In the midst of all this was a flurry of news from the capital, including a bewildering mix of announcements about this summer’s Fringe, the film festival’s teases ahead of its launch this week and two reports on the long-term future of Edinburgh’s festivals and the wider cultural infrastructure.
The clunkily-entitled studies – Thundering Hooves 2.0 and Desire Lines – set out some fairly ambitious targets for the next decade.
The first, a £50,000 consultants report following up previous research from nearly ten years ago, is largely concerned with big-ticket festivals and events, and what needs to be done to protect, nurture and develop them in the face of a predicted public spending “fiscal cliff”.
The second – essentially crowd-sourced – attempted to take a much wider view, looking at how to safeguard and strengthen the city’s year-round offering.
The overall message was clear. Edinburgh may proudly promote itself as a global culture capital and a world-leading festival city, but scratch the surface and it doesn’t take long to find concerns over future funding arrangements, ageing and outdated venue infrastructure, and disjointed marketing efforts.

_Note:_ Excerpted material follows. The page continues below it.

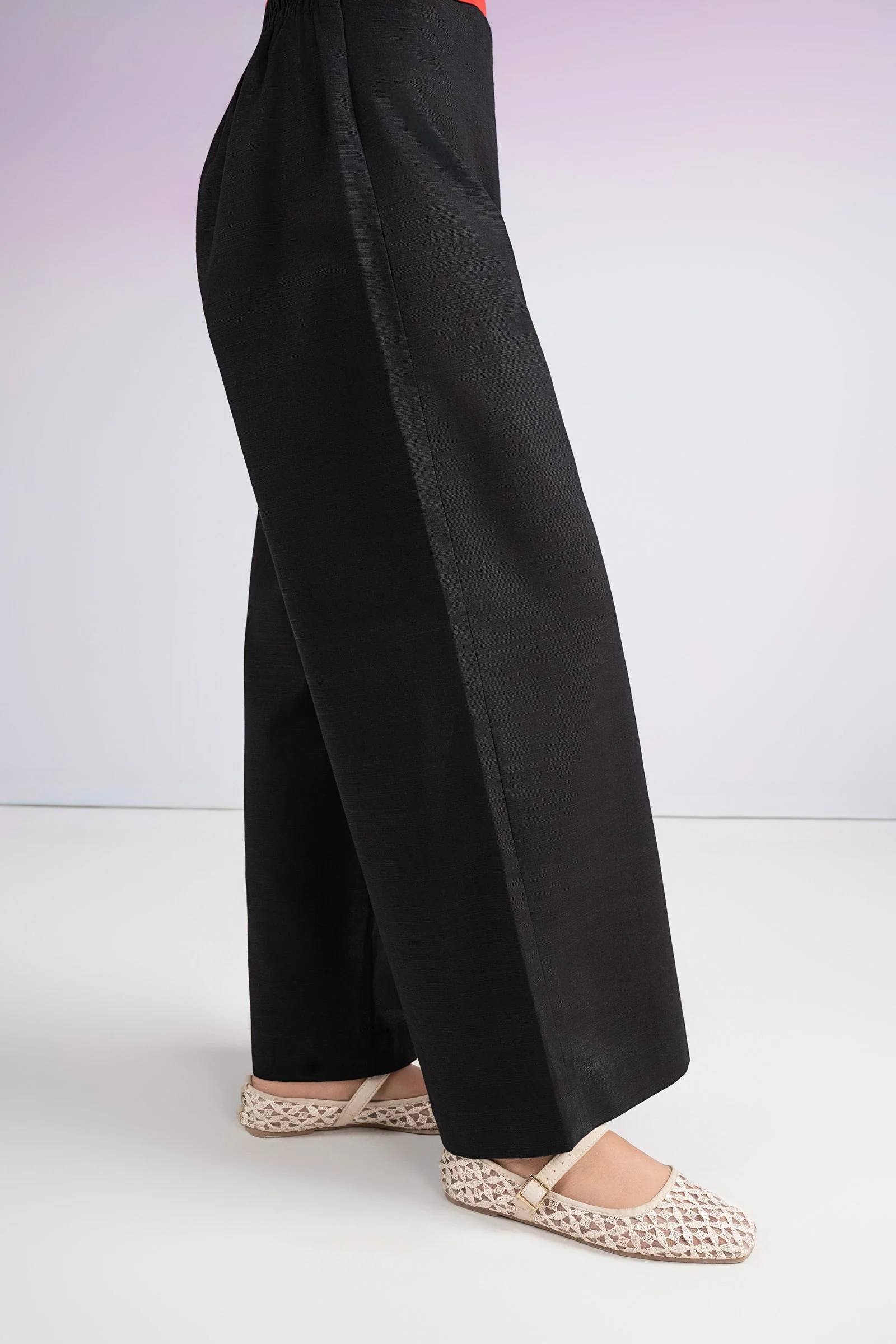 Embroidered Khaddar Trouser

On the face it, perhaps it would have made more sense to distil the findings together into one comprehensive report.
But having been to all the Desire Lines events, it was clear there was a “them and us” feeling towards the festivals from those immersed in the year-round cultural scene – even if this feeling is not quite reflected in the final report. There is plenty of food for all involved in these reports to chew over – from the new director of the Edinburgh International Festival director, Fergus Linehan, to those dedicated event organisers who somehow get by at present on just a few thousand pounds of public funding.
But for real action to follow, it may come down to the man at the heart of another recent announcement, Andrew Kerr, who takes over as chief executive of the city council in the autumn.